Table 1. Z-scores from pairwise comparisons of RdRp sequences

 
Experiments suggest that the dsRNAs are only vertically transmitted through seed, either through ovules (Duc et al., 1984 ) or through both ovules and pollen (Moriyama et al., 1996 ). Attempts have been made to transmit them mechanically, by grafting, using aphids and using dodder, but all have failed (Turpen et al., 1988 ; Valverde et al., 1990 ; Zabalgogeazcoa & Gildow, 1992 ). An implication of this likely limit on spread is that the dsRNAs should co-speciate with their hosts. Endogenous dsRNAs from closely related plants should be more closely related to each other than to endogenous dsRNAs from distantly related plants. Hence, the relationships between the Oryza, P. vulgaris and V. faba dsRNAs were unexpected: Phaseolus and Vicia belong to the legume subfamily Papilionoideae and are only distant relatives of the Oryza species.

RNA-dependent RNA polymerase affinities
Surprisingly BLASTP database searches revealed similarities between the RdRp-like regions in the LP sequences and the RdRp sequences of several single-stranded (ss) RNA viruses. E values as low as 7x10-10 were obtained for alignments about 300 residues long with RdRp sequences from closteroviruses. Alignments with RdRp sequences from Hepatitis E virus (HEV) and Alfalfa mosaic alfamovirus (AMV) yielded the next lowest E values, starting at 1x10-4 and 2x10-4 respectively.

It has been suggested that the closteroviruses and alfamoviruses belong to the ‘alpha-like supergroup’ of positive-sense ssRNA viruses. This supergroup is said to also include viruses from the following genera: Alphavirus, Benyvirus, Bromovirus, Crinivirus, Cucumovirus, Capillovirus, Carlavirus, Furovirus, Hordeivirus, Idaeovirus, Marafivirus, Pecluvirus, Pomovirus, Potexvirus, Rubivirus, Tetravirus, Tobamovirus, Tobravirus, Trichovirus, Tymovirus and Vitivirus. The supergroup was defined on the basis of several features (Goldbach & de Haan, 1994 ; Koonin & Dolja, 1993 ), but only some of these are shared by all the proposed members: (i) a positive-strand RNA genome with a 5' cap, (ii) production of a subgenomic RNA encoding a virion protein, (iii) homologous RdRp and helicase amino acid sequences. Viruses that are not assigned to the supergroup share the first two of these features and hence, the supergroup is probably best defined only by the proposed homology of the helicase and RdRp sequences.

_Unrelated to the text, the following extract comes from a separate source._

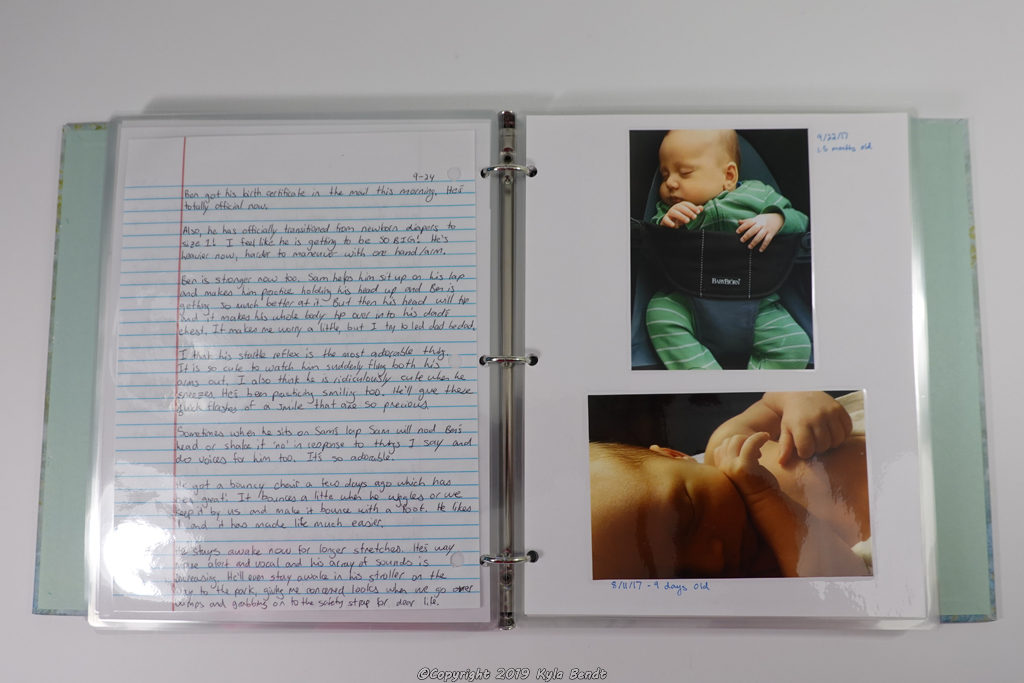 laminated baby book pages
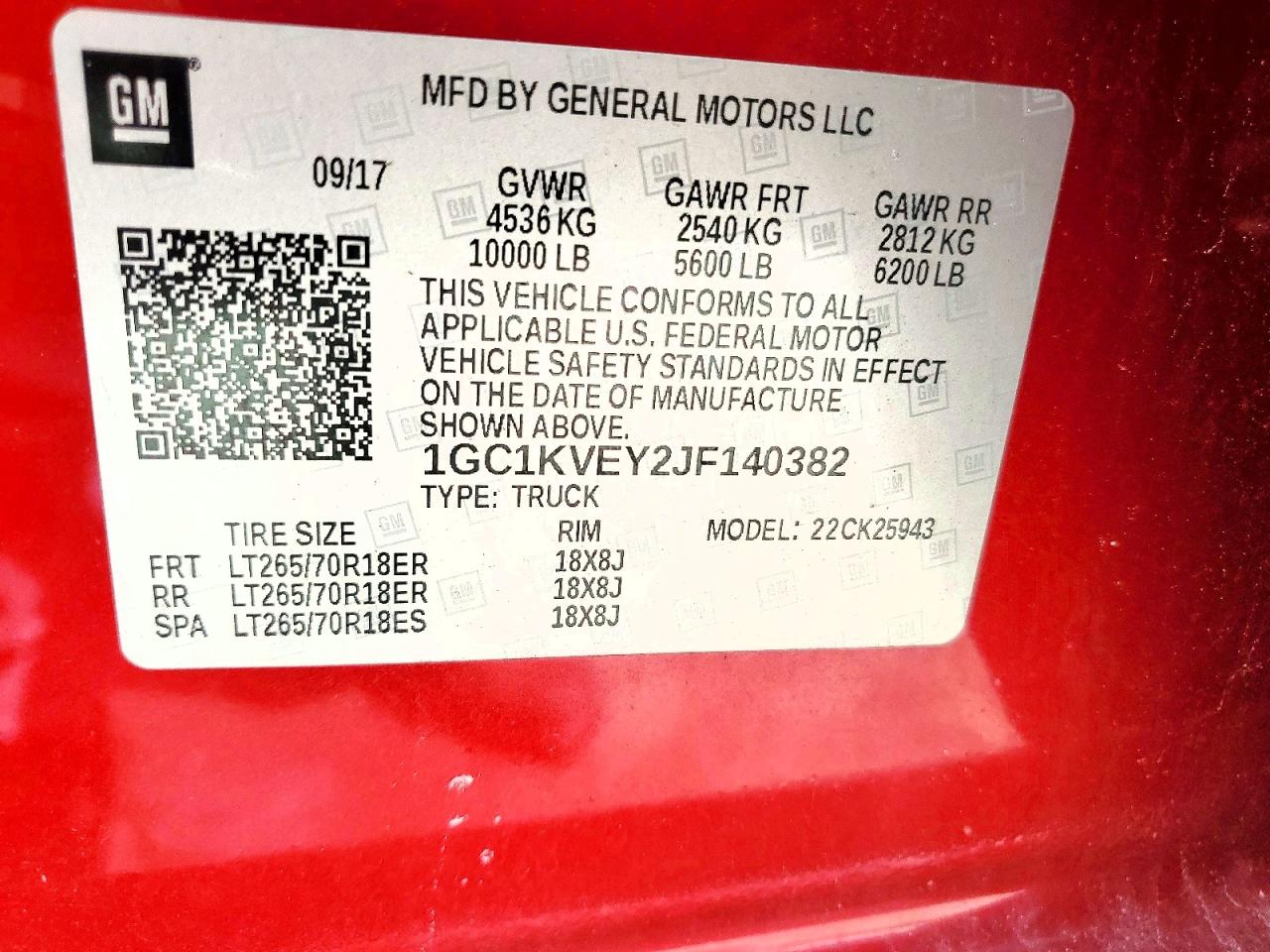 2018 Chevrolet All models VIN 1GC1KVEY2JF140382 photo 12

Zanotto et al. (1996) tested the support from RdRp sequence alignments for several proposed supergroups of RNA viruses and found only weak support for the alpha-like supergroup. We repeated part of this work by compiling a dataset that included at least one RdRp sequence from each genus in the supergroup for which sequence is available, and then by obtaining Z-scores by the Monte Carlo procedure. The RdRp-like regions of the endogenous dsRNAs were included in the analysis to test their relationships, as was the RdRp sequence of HEV. Sequences from carmo-like and picorna-like viruses were also included as they were likely to be outliers. As shown in Table 1, Z-scores of more than 6 were obtained for many of the comparisons. These scores proved the relatedness of almost all the RdRp sequences from viruses previously assigned to the alpha-like supergroup and showed that the RdRp sequences of the dsRNAs and HEV are related to alpha-like virus sequences. Only the affinities of the RdRp sequence of Beet necrotic yellow vein benyvirus (BNYVV), which was previously assigned to the alpha-like supergroup, were doubtful. The highest Z-score obtained for a comparison between the BNYVV sequence and an alpha-like virus sequence was only 5·8. Low Z-scores were obtained from comparisons between alpha-like virus RdRp sequences and those of carmo-like and picorna-like viruses, supporting the view that the alpha-like virus RdRp sequences are a discrete natural grouping.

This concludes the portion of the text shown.